Do you think you will ever write and illustrate your own book?
Hope so. I’m working on a few picture book dummies.
Do you do a lot of hand lettering work?
I am doing more of it lately, as it’s generating a lot of positive interest.
Do you have an artist rep to represent you? If not, would you like to find an artist rep.?
No, I currently don’t have an artist rep. I would love to have a literary rep or an artist rep that handles illustrator/authors.
Do you ever exhibit your work?
Awhile back, I had a solo exhibit at my local library. It was a lot of fun and a lot of work. Every now and then, I participate in group shows. My Thumbelina illustration is currently showing in the Fairy Tale Illustration Exhibit at the Brooklyn Public Library. http://www.bklynlibrary.org/events/exhibitions/fairy-tales-curated-donna
What type of things do you do to promote yourself and get your work seen?
I do 2 or 3 postcard mailings a year. E-mail my web-portfolio URL to companies. Do in person portfolio reviews whenever possible. Participate in illustrator challenges. Twitter. Attend SCBWI conferences and workshops when possible. Network with local illustrators and writers.
Would you be open to working with a self published author and illustrate their book now?
Sure, if we could come to terms and I felt I was the right illustrator for their story.
Do you do any other type of illustration other than for children books?
I design greeting cards, wall art and other nifty things for my Print-On-Demand stores. It’s fun to explore different markets for your illustration. It keeps you learning new things. I would love to get more involved with art licensing and all the other art markets out there.
Do you have a favorite medium you use?
Rapidiograph pens for fine lines filled with Waterproof ink for film & paper. Waterproof markers for fat lines. Colored inks, preferably waterproof for cool transparency effects. Photoshop.
Do you take research pictures before you start a project?
Rarely. Google does such a fine job with helping me research.
Do you use Photoshop with any of your work?
Yes, with all my work. It is part of my process.
Do you have a studio in your house?
I use a spare bedroom as my studio lair.
Do you follow any type of routine to attain your career goals?
Create. Submit/Promote. I try to do this on a regular basis.
Any exciting projects on the horizon?
Nothing concrete but I have my fingers crossed for a few projects.
What do you consider to be your biggest success?
Not sure what I consider my biggest success as I always feel that there’s more to come. Not that I’m not grateful or happy when I get a creative commission or that I’m not happy/proud of the finished illustration projects. I suppose I could say the illo/project I just finished. But I already know it will be rapidly replaced by the next one.
What are your career goals?
To keep creating and evolving as an illustrator/writer. Getting nice trade picture book contract as an illustrator and or author/illustrator would be wonderful. Getting an agent. The dream is to get fun, creative commissions, be paid very well and be given the time needed to do them justice and of course not to have to hunt for them. But that’s just a dream.

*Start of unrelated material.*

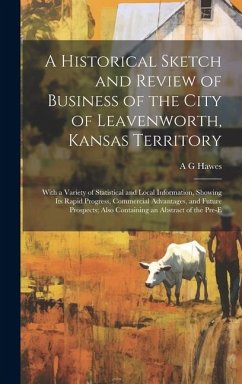 A Historical Sketch and Review of Business of the City of Leavenworth, Kansas Territory; With a Variety of Statistical and Local Information, Showing - Hawes, A. G.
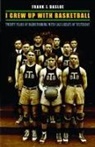Frank J Basloe, Frank J. Basloe, Frank J. Rohman Basloe, Frank J./ Rohman Basloe, D Gordon Rohman, D. Gordon Rohman - I Grew Up With Basketball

What are you working on now?
I’m currently revising a picture book manuscript and revamping another picture book dummy that’s almost ready to submit.
Are there any painting tips (materials, paper, etc.) you can share that work well for you? Technique tips?

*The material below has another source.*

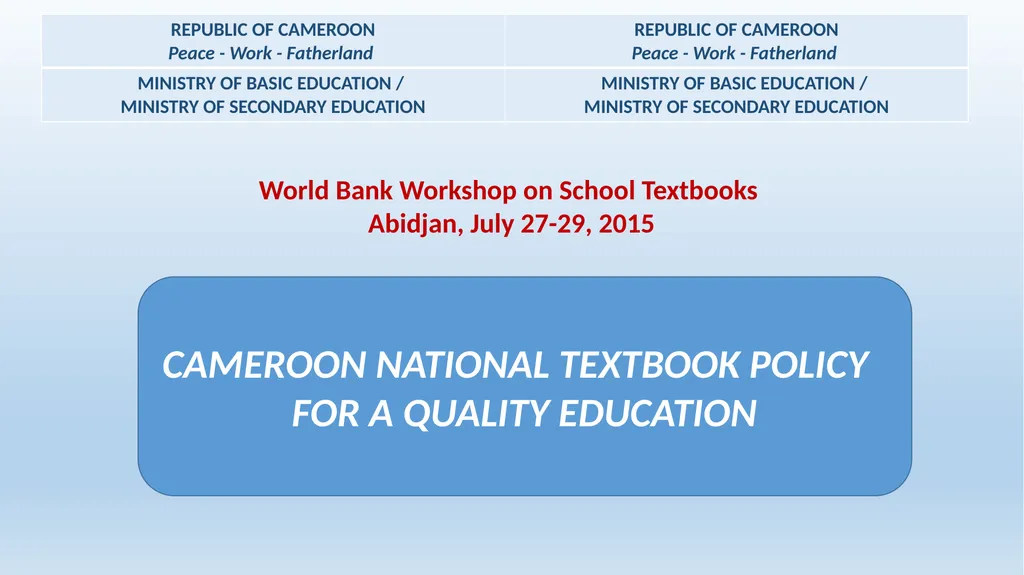 World Bank Workshop on School Textbooks Abidjan,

I do a lot of doodling before I begin. Helps to warm me up and get me into a project. I keep a notebook/sketchbook with me at all times for ideas and doodling.
Any words of wisdom you can share with the illustrators who are trying to develop their career?
Have a website. Create. Promote. Repeat, again and again. Be aware of what is happening in your field and connect with other illustrators. Have an alternative income source.
Thank you Diana for sharing your talent, process, journey, and expertise with us. Please make sure you keep in touch and share your future successes with us.